#### GIVEN ENTRIES
_ _ _ _ _ _ _

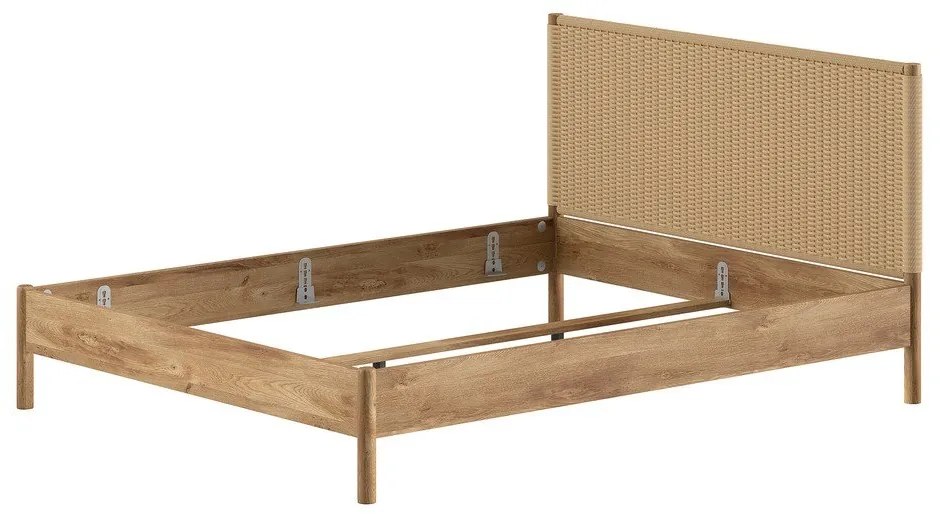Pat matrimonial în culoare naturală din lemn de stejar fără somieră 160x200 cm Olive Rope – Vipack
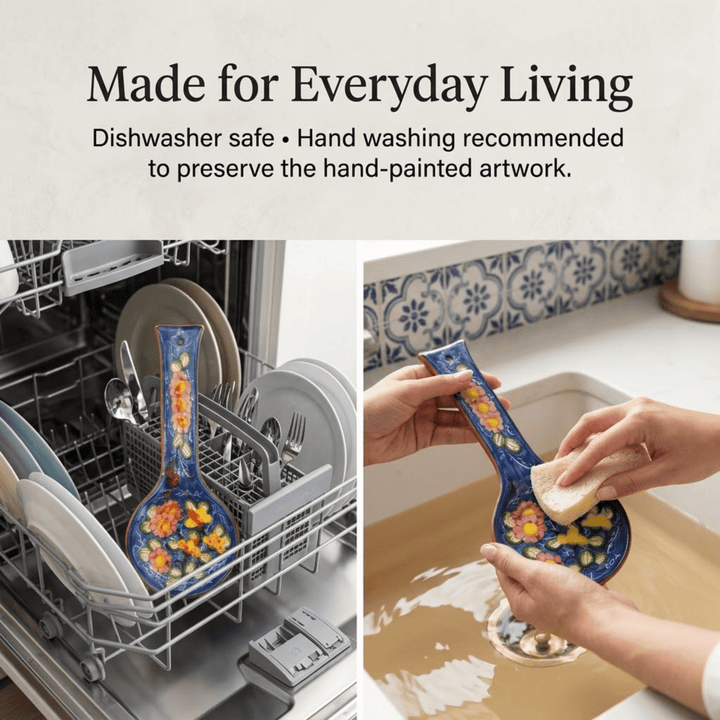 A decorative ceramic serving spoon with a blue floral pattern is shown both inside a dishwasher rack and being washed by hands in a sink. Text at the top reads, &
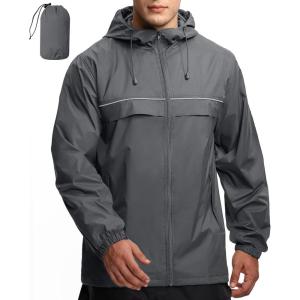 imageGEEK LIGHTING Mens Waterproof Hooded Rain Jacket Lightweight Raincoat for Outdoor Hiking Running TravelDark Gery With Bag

_ _ _ _ _ _ _

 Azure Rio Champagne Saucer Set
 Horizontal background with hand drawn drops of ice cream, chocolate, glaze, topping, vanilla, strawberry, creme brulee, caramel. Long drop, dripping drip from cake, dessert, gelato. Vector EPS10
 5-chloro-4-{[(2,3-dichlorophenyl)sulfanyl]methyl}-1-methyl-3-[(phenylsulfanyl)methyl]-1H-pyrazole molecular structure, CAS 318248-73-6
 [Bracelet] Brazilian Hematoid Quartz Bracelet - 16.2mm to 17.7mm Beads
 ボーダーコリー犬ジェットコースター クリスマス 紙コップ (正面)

_ _ _ _ _ _ _

#### WHAT YOU WILL DO
Give again the lines of the listing above that run from the one with "Pat matrimonial în" up to and including the one with "A decorative ceramic". Keep them exact and omit the pictures.

#### ANSWER TO THE PROBLEM
Pat matrimonial în culoare naturală din lemn de stejar fără somieră 160x200 cm Olive Rope – Vipack
 A decorative ceramic serving spoon with a blue floral pattern is shown both inside a dishwasher rack and being washed by hands in a sink. Text at the top reads, &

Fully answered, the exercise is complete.